7. In person: “My wife brought her laptop in for service. When she brought it home, I saw it wasn’t her computer. I want her computer back. What kind of crap are you trying to pull”?
***Me: “Sir, every machine that comes in here is documented and tagged using the make and serial number. I’m certain your wife received the correct machine when she picked up.”
***Me: “Sir, is that your wife outside in the car? If so, tell her to come inside.”
***Wife: “I got my own machine back. He’s drunk.”
***Me: “Leave. Now.”
6. Via Phone: “Do you work on iPads?”
***Me: “What’s wrong with it?”
***Him: “I left it on the hood of my car and ran over it”.
5. Via Phone: “My computer is acting up, should I bring it in?”
***Me: “Define “acting up.”
***Him: “I can’t get on it.”
***Me: “It won’t turn on?”
***Him: “It turns on, but I can’t get on it. What don’t you understand?”
***Me: “What do you see on your screen?”
***Him: “I see all the little things, BUT I CAN’T GET ON IT!!”
***Me: “Sir, are you trying to tell me you have no internet connection?”
***Him: “What the (expletive) do you think I’ve been saying?”
4. Via Phone, via Email & in person: “I’m getting emails in dangerous looking languages, probably Arabic. How can I make this obvious propaganda stop?”
***Me. Previously discussed.
3: Via Phone: “My printer won’t print”.
***Me: “OK. Are you trying to print wirelessly or is the printer connected to your computer with a cable?”
***Me: “OK. Sorry, but I have to ask. Is the printer powered on?”
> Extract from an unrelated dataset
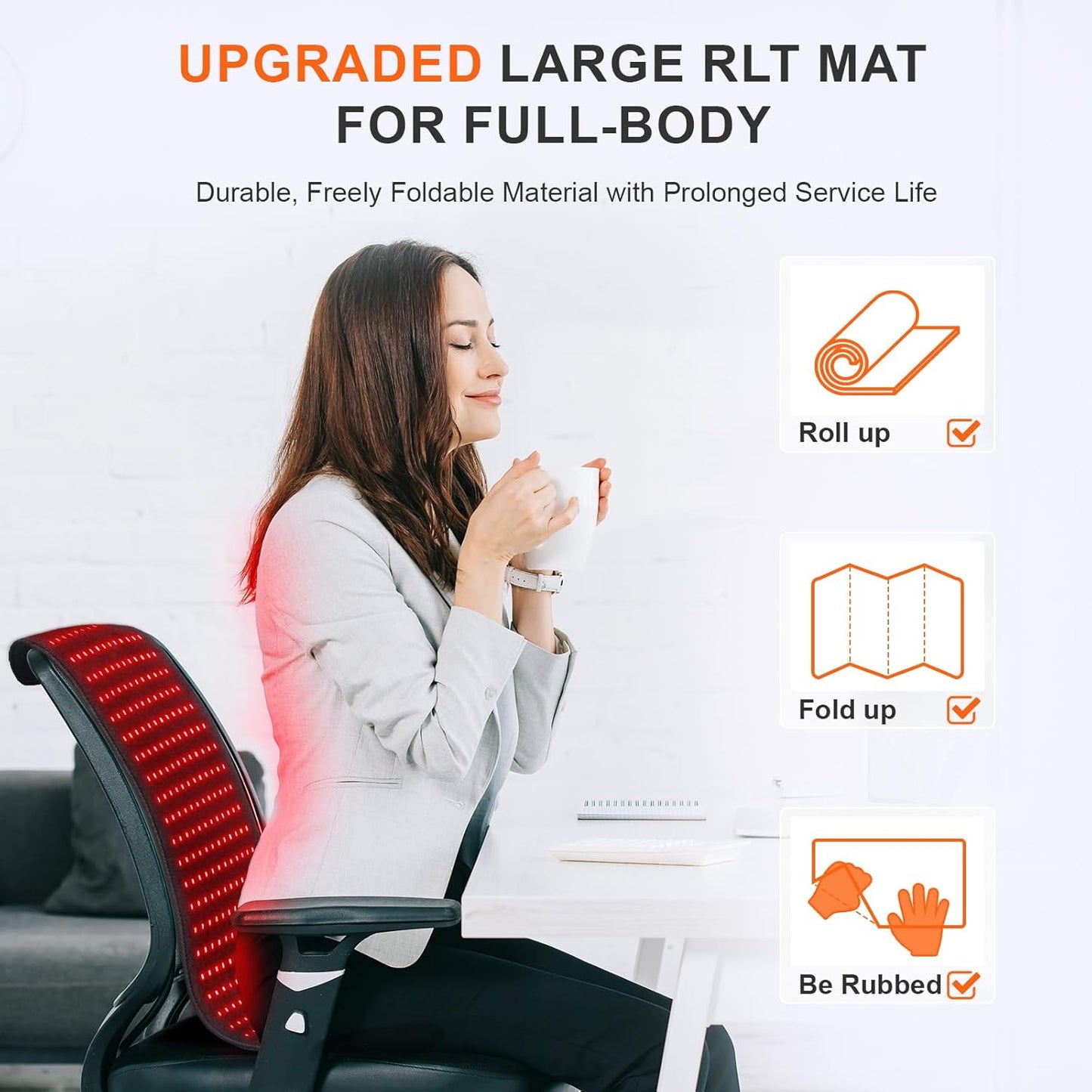 Red Light Therapy Mat, 31.5" X 11.8" Red Light Therapy Pad 360 Leds 660Nm & 850Nm Infrared Light Therapy Blanket with Smart Temp & Timer for Body Back Waist Shoulder Muscle Pain Relief, 60W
***Me: “And is there paper in the printer?”
***Her. “Sorry.” <Click>
2: Via message on Facebook page: “What time do you close on Thursdays”?
***Me: “We’re open until 4PM on Thursdays.”
***Them: “I was there last Thursday around noon and you were closed.”
***Me: “Last Thursday was Thanksgiving. We were closed on Thanksgiving.”
***Them: “You just said you were open until 4 on Thursdays.”
***Me: “Have a nice day.”
1. Via Phone: “Do you fix iPads?”
***Me: “Did you run over it with your car?”
***Him: “How’d you know that?”
Except on any Thanksgiving holiday that may fall on a Thursday.